„Smerfy. Amory Gargamela” to spektakl, jak się okazało – nie tylko dla dzieci (zdarzało się, że dorośli reagowali entuzjastyczniej niż ich podopieczni)! Bajka „stara, jak świat”, ale aktualna do dziś! Projekt ten – początkowo wakacyjny – został z nami do października, a zagraliśmy go w sumie aż 7 razy (to nasz nowy rekord… 🙂

Maja (Laluś, pierwsza z prawej):Lato ze Smerfami – to właśnie moje lato. I wiecie co? Nie żałuję! Od momentu, w którym dostałam scenariusz, aż do teraz bawiłam się znakomicie! Laluś (bo to właśnie tego Smerfa grałam) to postać, z którą niekoniecznie się utożsamiam, ale może właśnie dzięki temu było to takie ciekawe… Wakacyjne próby (w przeróżnych miejscach) wspominam bardzo pozytywnie! A potem też nie było nudy i czasu na obijanie się, ponieważ wrześniowe i październikowe weekendy spędzaliśmy grając Smerfy. Podsumowując cieszę się, że mogłam czasami oderwać się od rzeczywistości i choćby na chwilę przenieść się do bajkowego świata Smerfów! Dziękuję!” 

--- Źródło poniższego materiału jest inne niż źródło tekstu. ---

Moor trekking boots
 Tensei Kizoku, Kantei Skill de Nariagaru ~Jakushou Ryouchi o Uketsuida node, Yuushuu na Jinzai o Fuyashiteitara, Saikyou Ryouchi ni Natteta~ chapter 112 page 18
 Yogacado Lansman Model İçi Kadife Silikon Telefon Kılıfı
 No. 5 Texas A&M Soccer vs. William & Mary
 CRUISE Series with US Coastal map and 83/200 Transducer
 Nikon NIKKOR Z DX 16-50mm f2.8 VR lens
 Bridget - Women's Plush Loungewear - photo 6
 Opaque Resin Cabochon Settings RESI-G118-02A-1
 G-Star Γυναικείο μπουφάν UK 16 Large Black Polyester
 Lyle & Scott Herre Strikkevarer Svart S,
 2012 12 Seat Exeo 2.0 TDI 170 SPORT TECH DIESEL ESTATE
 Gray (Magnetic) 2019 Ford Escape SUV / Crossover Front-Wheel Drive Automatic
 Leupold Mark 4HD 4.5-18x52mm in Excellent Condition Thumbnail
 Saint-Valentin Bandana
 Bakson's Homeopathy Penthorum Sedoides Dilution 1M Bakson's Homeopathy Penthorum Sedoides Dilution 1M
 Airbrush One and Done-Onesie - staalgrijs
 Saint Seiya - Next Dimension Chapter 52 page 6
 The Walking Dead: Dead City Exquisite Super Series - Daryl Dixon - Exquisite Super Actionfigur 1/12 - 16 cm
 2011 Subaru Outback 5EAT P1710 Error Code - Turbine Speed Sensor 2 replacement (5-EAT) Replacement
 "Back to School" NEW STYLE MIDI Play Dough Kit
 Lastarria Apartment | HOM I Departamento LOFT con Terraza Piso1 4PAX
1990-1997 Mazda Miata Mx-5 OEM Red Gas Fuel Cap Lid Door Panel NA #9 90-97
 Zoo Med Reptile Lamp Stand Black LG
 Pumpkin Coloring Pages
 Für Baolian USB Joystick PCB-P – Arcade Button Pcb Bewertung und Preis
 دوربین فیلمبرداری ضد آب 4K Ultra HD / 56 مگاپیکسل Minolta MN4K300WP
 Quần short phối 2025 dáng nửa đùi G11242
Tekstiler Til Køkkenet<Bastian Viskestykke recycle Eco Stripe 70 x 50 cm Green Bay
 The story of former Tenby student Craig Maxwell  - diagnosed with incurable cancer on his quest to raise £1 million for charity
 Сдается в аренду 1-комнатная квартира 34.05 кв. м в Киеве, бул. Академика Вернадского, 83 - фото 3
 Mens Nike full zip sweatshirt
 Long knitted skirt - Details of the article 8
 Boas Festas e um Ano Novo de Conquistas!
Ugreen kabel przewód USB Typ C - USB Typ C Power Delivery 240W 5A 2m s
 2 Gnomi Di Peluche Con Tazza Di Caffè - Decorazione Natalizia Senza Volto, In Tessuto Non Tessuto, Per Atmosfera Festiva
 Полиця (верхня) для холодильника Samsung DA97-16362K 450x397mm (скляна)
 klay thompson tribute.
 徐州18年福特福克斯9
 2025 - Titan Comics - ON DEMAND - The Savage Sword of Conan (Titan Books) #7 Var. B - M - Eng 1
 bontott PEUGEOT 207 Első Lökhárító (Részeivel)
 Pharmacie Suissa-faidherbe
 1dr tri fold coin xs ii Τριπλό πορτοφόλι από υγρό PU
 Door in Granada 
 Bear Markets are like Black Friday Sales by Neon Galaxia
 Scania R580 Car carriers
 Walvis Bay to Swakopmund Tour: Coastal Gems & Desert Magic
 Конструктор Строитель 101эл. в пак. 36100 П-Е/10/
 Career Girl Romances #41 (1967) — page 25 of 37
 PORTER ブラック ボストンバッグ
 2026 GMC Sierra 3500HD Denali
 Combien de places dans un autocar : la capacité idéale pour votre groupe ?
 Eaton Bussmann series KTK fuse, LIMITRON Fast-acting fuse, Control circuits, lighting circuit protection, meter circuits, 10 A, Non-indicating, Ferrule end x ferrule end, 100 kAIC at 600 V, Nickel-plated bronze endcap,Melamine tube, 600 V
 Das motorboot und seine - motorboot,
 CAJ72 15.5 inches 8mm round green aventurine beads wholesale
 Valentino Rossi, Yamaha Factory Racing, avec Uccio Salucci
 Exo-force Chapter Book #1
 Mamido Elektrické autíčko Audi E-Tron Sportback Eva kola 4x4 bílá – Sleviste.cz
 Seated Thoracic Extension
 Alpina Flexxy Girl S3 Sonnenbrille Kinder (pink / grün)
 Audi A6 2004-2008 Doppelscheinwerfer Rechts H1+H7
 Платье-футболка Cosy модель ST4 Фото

Z Smerfami odwiedziliśmy: Tarnowskie Góry, Wieszowę i Wielowieś, a w Pyskowicach zagraliśmy je aż 4 razy! Całość obsady liczyła 9 osób, jednak ostatecznie w spektaklu wzięło udział 13 niespasowanych (to
w związku z licznymi zastępstwami).

Iwona (reżyser, Łasuch, Ważniak nr 3.):
„Z perspektywy reżysera ogromną trudnością była praca z osobami, które wchodziły „na zastępstwo”. Przyzwyczajenie się do postaci granej na wielu próbach przez konkretną osobę, która to postać nagle dostaje niejako nowe życie – nowego aktora, stanowiło niezłą przeszkodę. Temu nowemu aktorowi należało przecież dać przestrzeń do stworzenia postaci po swojemu, ale jednak musiał on wpisać się w pewne ustalenia, które porządkowały nam scenę. To kolejna nauka dla nas, jako instruktorów”.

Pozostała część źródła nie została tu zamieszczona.